Buon lunedì ragazzi! Eccoci, come sempre, con i temi della settimana.
Per Corriere della Sera, Orsola Riva vi parla di una notizia che arriva dalla Sicilia, più precisamente dalla bellissima Bagheria, cittadina alle porte di Palermo, negli ultimi anni diventata tristemente famosa perché feudo del boss mafioso Bernardo Provenzano. La notizia è quella dei 36 imprenditori locali che si sono ribellati alla mafia, rifiutandosi di pagare il pizzo e facendo finire in cella, in questo modo, ben 22 boss mafiosi.
È certamente stato un atto di coraggio, riconosciuto da tutti: gli imprenditori, infatti, venivano minacciati, subendo incendi alle loro attività e minacce alle proprie famiglie, tanto che in tanti sono finiti in rovina o si sono tolti la vita. Ma qualcosa deve essere certamenete cambiata, anche nel clima generale, se hanno deciso di opporsi alla mafia dopo così tanto tempo.
E voi ragazzi, se vi foste trovati nei loro panni, avreste avuto il coraggio di ribellarvi? A quali condizioni avreste deciso di opporvi a questi torti e denunciare gli aguzzini mafiosi?
Per Il Sole 24 Ore Luca Tremolada prende spunto da una notizia finanziaria della settimana scorsa, ovvero l’acquisto dell’azienda King Digital, per intenderci il produttore del videogioco Candy Crush, , da parte di Activision, creatrice di famosi videogame come Destiny o Call of Duty, per un costo complessivo di 5.9 miliardi di dollari.
Questa vicenda serve come spunto per chiedere a voi che idea vi siete fatti della pericolosità dei videogiochi, specie di quelli vietati ai minori di 18 anni. È il caso di vietarli davvero o, anche, di sanzionare tutti i negozianti che li vendono ai minorenni? E ancora: secondo voi, fanno davvero così male, tanto da non poter essere utilizzati dai giovani, al pari di alcool e sigarette?
Diteci cose ne pensate facendo uno sforzo in più, vale dire provando a vedere la questione anche dal punto di vista di un adulto e non solo dal vostro.
Per Quotidiano Nazionale, Gianluigi Schiavon vi parla di diritto all’oblio. Sapete di cosa si tratta? Per l’enciclopedia Treccani, significa “diritto ad essere dimenticati”. In particolare “il diritto che non siano riproposte notizie sui propri trascorsi personali, specialmente quelli giudiziari”.

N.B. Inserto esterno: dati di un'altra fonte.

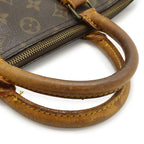Louis Vuitton Monogram Speedy 30 Mini Boston — view 4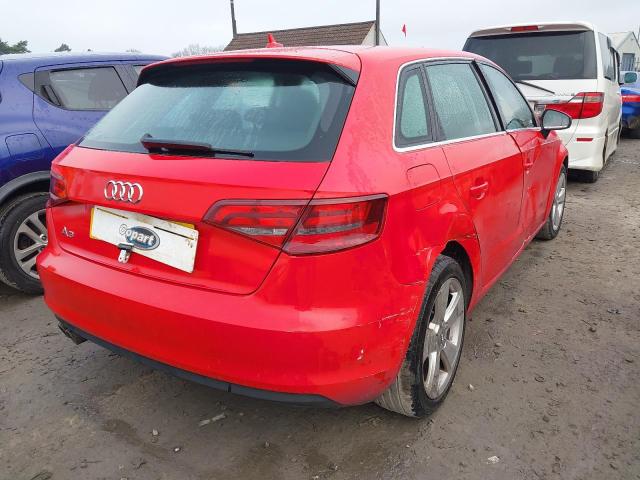 2015 AUDI A3 SPORT T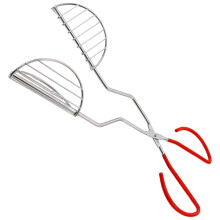 Modern Kitchens Clamp Gadget For Securely Handling-Red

Nel maggio del 2014, la Corte di Giustizia Europea ha condannato il colosso Google a cancellare, su richiesta di un certo Mario Costeja Gonzalez, i dati sensibili a lui relativi mostrati sul motore di ricerca. Ad un anno da questa vicenda, le richieste di cancellazione dei dati personali fatte in Italia a Google sono state ben 25 mila, mentre in tutto il mondo addirittura un milione, gran parte delle quali, però, rifiutate.
Si tratta di un tema molto delicato e controverso, anche perché non tutti sanno che la deindicizzazione, ovvero la rimozione dal motore di ricerca, non significa comunque la rimozione del dato da internet, perchè rimarrà sempre e comunque sul sito in cui è riportato. Si tratta di una vera e propria battaglia etica: da una parte il diritto all’informazione e dall’altra il diritto all’oblio.
Secondo voi, ragazzi, è giusto semplificare le norme per la cancellazione dei propri dati sul web allo scopo di salvaguardare il diritto all’oblio?